▶ RECORDED INFORMATION
* * *
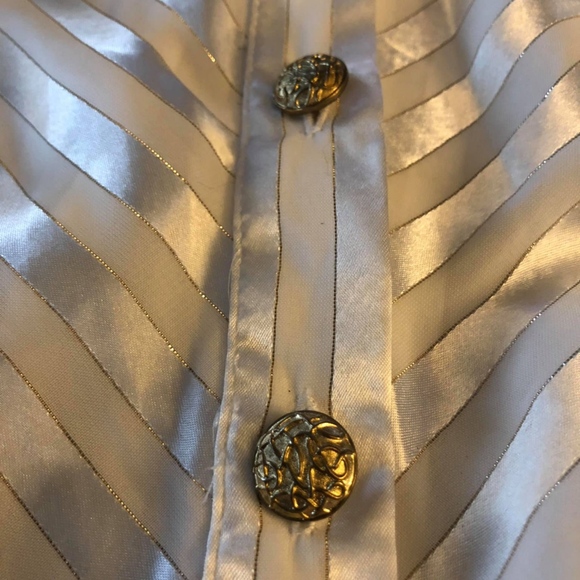 FASHION BUG gorgeous blouse with gold pinstripe - Picture 4 of 5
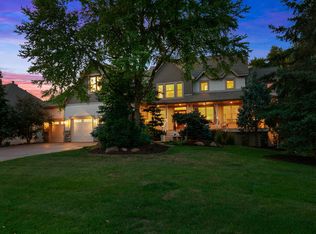 27000 Noble Rd, Shorewood, MN 55331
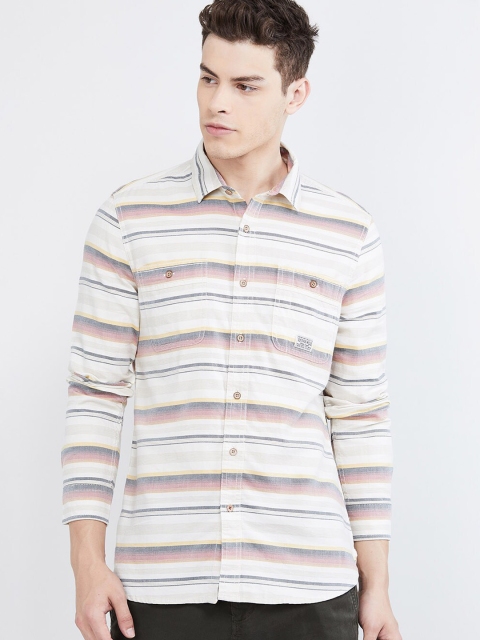 

max Men Off-White & Pink Slim Fit Striped Casual Shirt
* * *
Print the preceding material over again exactly. Please leave the pictures out.

 FASHION BUG gorgeous blouse with gold pinstripe - Picture 4 of 5
 27000 Noble Rd, Shorewood, MN 55331

max Men Off-White & Pink Slim Fit Striped Casual Shirt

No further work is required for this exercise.